The NFU has responded to Government proposals to get tougher on illegal hare coursing, saying that it is a light at the end of the tunnel for thousands of farmers that have suffered the devastating impacts of the activity.
After sustained lobbying by the NFU and other rural organisations demonstrating the violence and intimidation that hare coursing has inflicted on farmers and rural communities, as well as the impact it has on wild hare populations, the government has now tabled its own amendments to the Police, Crime, Sentencing and Courts Bill.
These reflect what the NFU has urged the Government to implement and could deliver crucial changes that would help deter criminals from taking part in illegal hare coursing. They enable police to seize more dogs, courts to ban convicted offenders from keeping dogs and strengthen penalties by lifting the existing limit on fines.
The amendments include:
- Increasing the maximum penalty for trespassing in pursuit of game under the Game Acts (the Game Act 1831 and the Night Poaching Act 1828) to an unlimited fine and introducing – for the first time – the possibility of up to six months’ imprisonment.
- Two new criminal offences: firstly, trespass with the intention of using a dog to search for or pursue a hare; and secondly, being equipped to trespass with the intention of using a dog to search for or pursue a hare both punishable on conviction by an unlimited fine and/or up to six months’ imprisonment.
- New powers for the courts to order, on conviction, the reimbursement of costs incurred by the police in kennelling dogs seized in connection with a hare coursing-related offence.
- New powers for the courts to make an order, on conviction, disqualifying an offender from owning or keeping a dog.
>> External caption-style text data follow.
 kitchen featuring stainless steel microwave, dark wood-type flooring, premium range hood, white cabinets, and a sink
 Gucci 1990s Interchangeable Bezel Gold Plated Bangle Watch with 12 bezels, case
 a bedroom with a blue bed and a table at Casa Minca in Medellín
NFU deputy president Stuart Roberts said: “The NFU welcomes government plans to table amendments which would strengthen the law and finally give rural police forces and the courts the necessary powers to tackle hare coursing and the wider problem of organised crime.
“Our members have had to deal with the impact of illegal hare coursing for far too long and they will be relieved that, after much campaigning by the NFU and others over many years, there is now light at the end of the tunnel.
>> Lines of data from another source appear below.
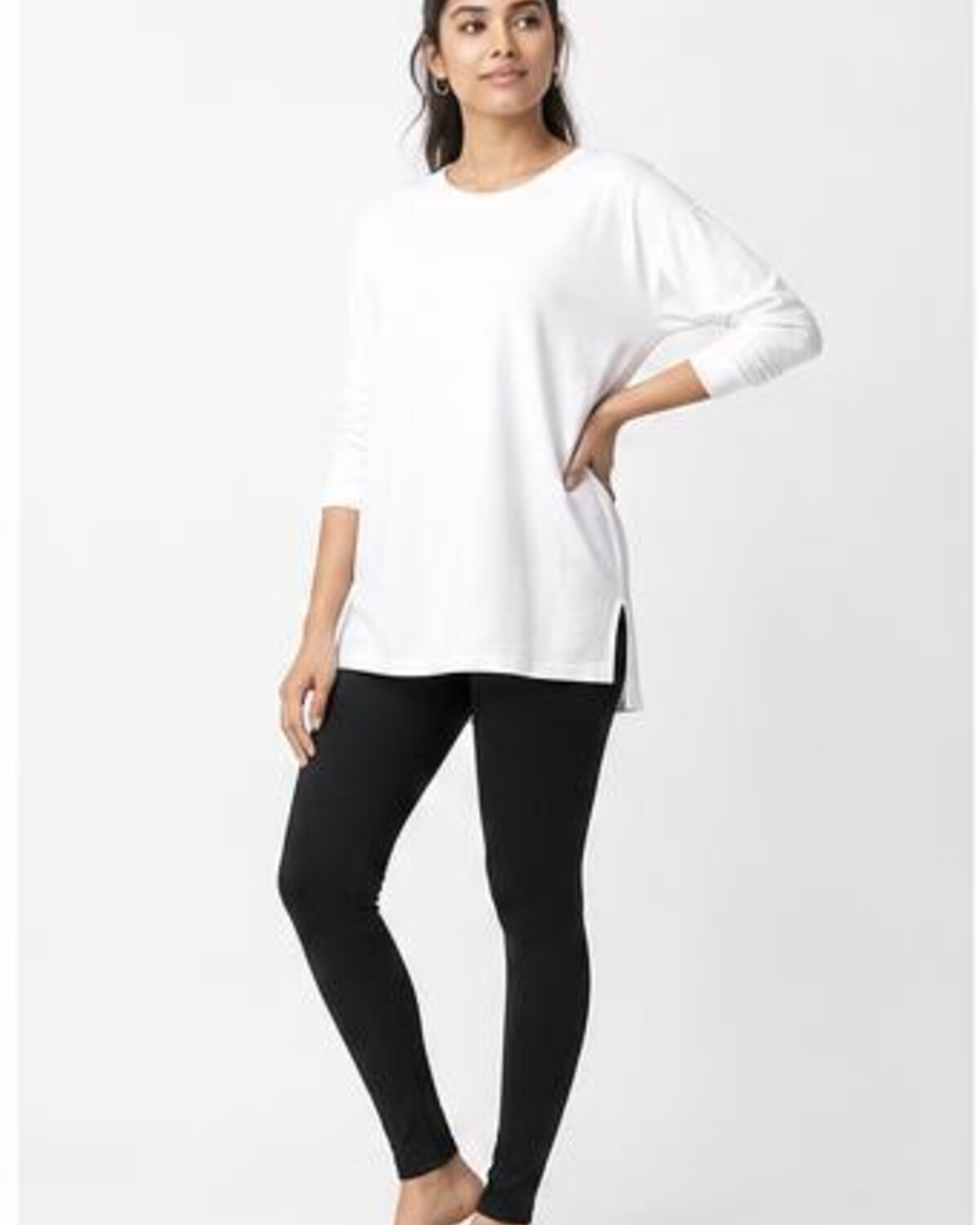 Woman model wearing the Women's Cotton-Blend Leggings in Black, showing the close everyday fit
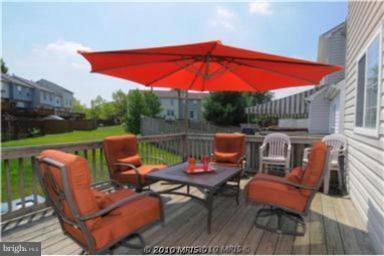 7417 Maury Road Windsor Mill, MD 21244 - Photo 14 of 19 a outdoor space with patio the couches and pool view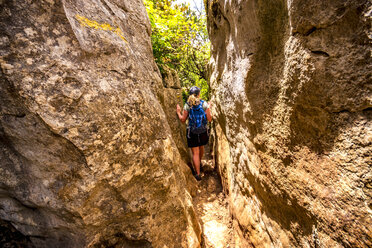 Spain, Malaga Province, El Torcal, woman hiking through gorge - SMAF00868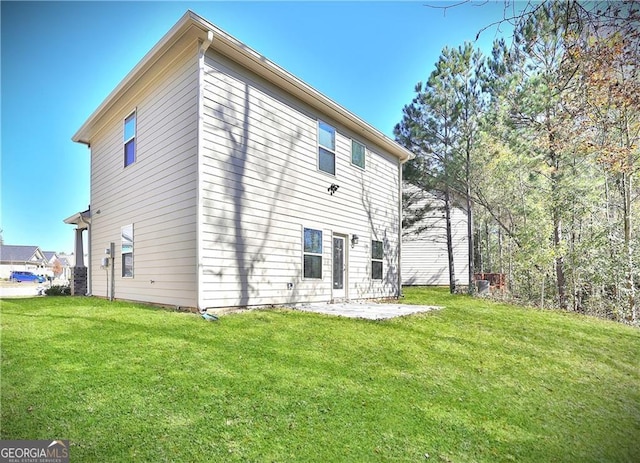 rear view of house with a yard and a patio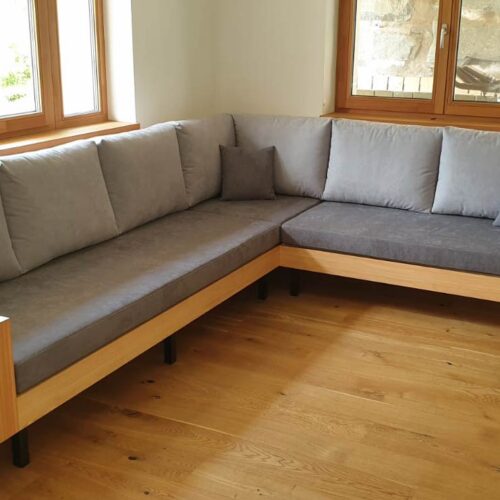 Ecksofa mit Holzrahmen und grauen Polstern in einem Wohnzimmer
“I hope this will signal the start of a real crackdown on these organised gangs of criminals who break onto fields to let dogs loose to chase hares, causing huge damage to crops and farm property and intimidating people living in rural communities.
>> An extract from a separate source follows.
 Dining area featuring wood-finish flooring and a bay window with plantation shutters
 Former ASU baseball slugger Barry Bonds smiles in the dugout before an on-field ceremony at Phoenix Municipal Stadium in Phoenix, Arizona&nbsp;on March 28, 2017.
“This is a hugely important step in the right direction but there is still work to be done to protect the countryside and farming families from the devastating impacts of other forms of rural crime, from fly-tipping to theft. We know the public are behind us in supporting greater police action so they too can enjoy a safer, cleaner and greener rural Britain, and we will continue to work with government to make that become a reality.”